At the end of the film's premiere in Boston, there was a
Q&A with Ethan Hawke and Shelby Gaines. Ethan revealed that during the
party scene, as Flannery walked through the house feeling "far from
God" he froze frames that could represent the seven deadly sins. This is
the same scene where the host announces that she sees the Eucharist as a
symbol. "If it is just a symbol, to hell with it!" responds Flannery.
Listen carefully to the music, especially as the credits
roll. Brothers Latham and Shelby Gaines (the screenwriter) perform Shelby's
original score with homemade instruments created from found objects.
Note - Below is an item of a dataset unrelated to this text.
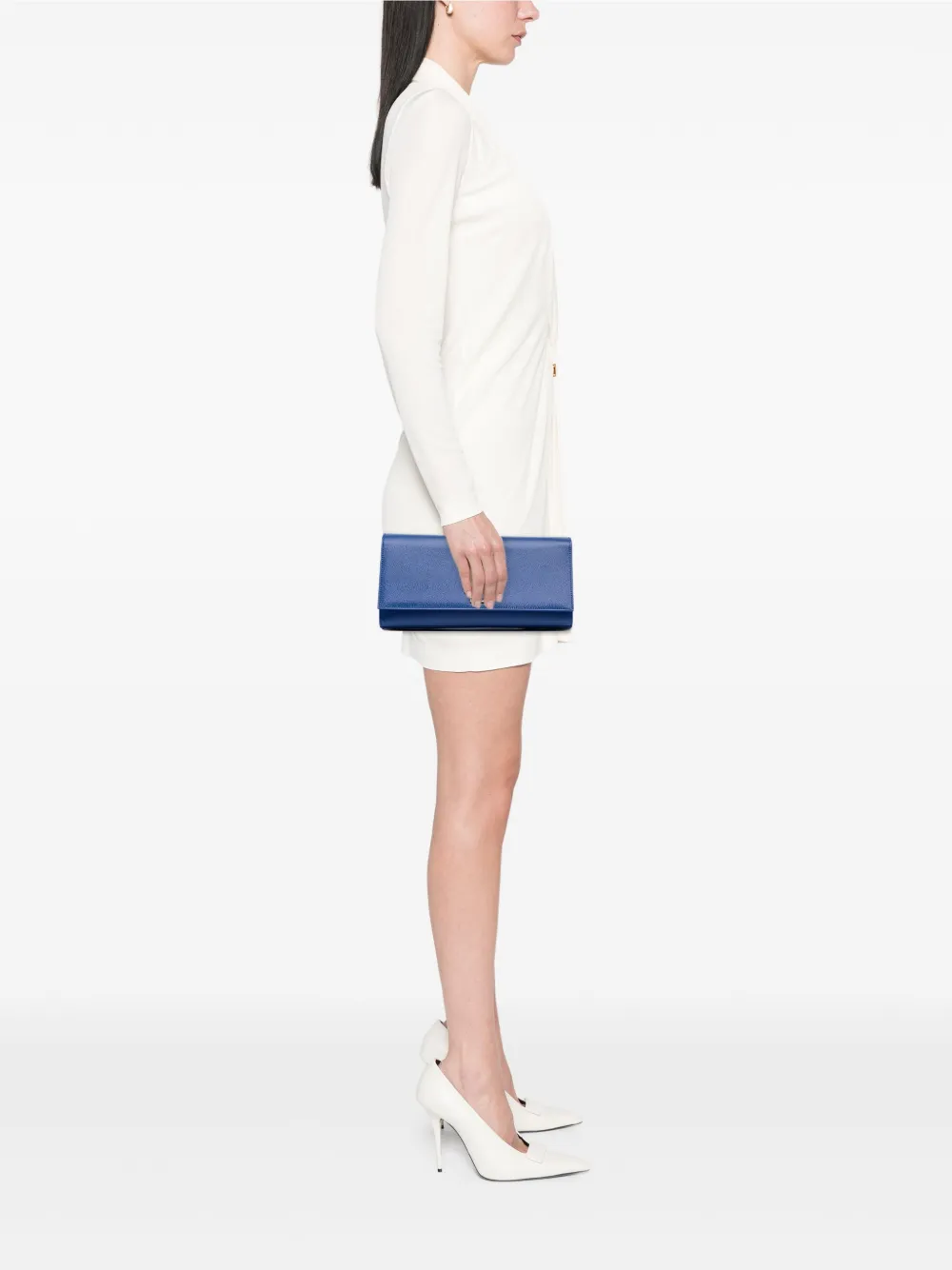 Pre-owned Saint Laurent 2013 Grain De Poudre Cassandre Clutch Bag In Blue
Ethan's advice to someone who asked about finding their
voice as a writer or director was you cannot find your voice until you begin
and stop worrying about what to say. Remember that what everyone wants is what
you bring to it. Flannery adds, "The great novels we get in the future are
not going to be those that the public thinks it wants, or those that critics
demand" (https://www.en.utexas.edu/amlit/amlitprivate/scans/grotesque.html).
The novelist will write stories "that put the greatest demands on him, that
require him to operate at the maximum of his intelligence and his talents, and
to be true to the particularities of his own vocation"….They "will
have to descend far enough into himself to reach those underground springs that
give life to big work…It will be a descent through the darkness of the familiar
into a world where, like the blind man cured in the gospels, he sees men as if
they were trees, but walking" (O'Connor, "Some Aspects of the
Grotesque in Southern Fiction").
Wildcat is clarity for a baffled heart. O’Conner’s
goal is to set us on the road to wholeness forced to realize our assumptions
and surrender our expectations. The world begins to look like a place hope is
hiding where we least expect. “That which you most need will be found where you
least want to look,” said Carl Jung.[1]
This freedom is rarely experienced and “cannot be conceived simply. It is a
mystery and one which a novel [or a movie] …can only be asked to deepen”
(Flannery O’Conner, Preface to Wiseblood). As you enjoy viewing the
theologically brilliant and simultaneously baffling Wildcat get ready to
have even your virtues burned away (Cf. Revelation).
Stories in Wildcat
Comforts of Home (presented as a
movie trailer)
The Misfit (the final scene)
Life You Save May Be Your Own
Revelation
Parker’s Back
Everything That Rises Must
Converge (named for the work of Pierre Teilhard de Chardin).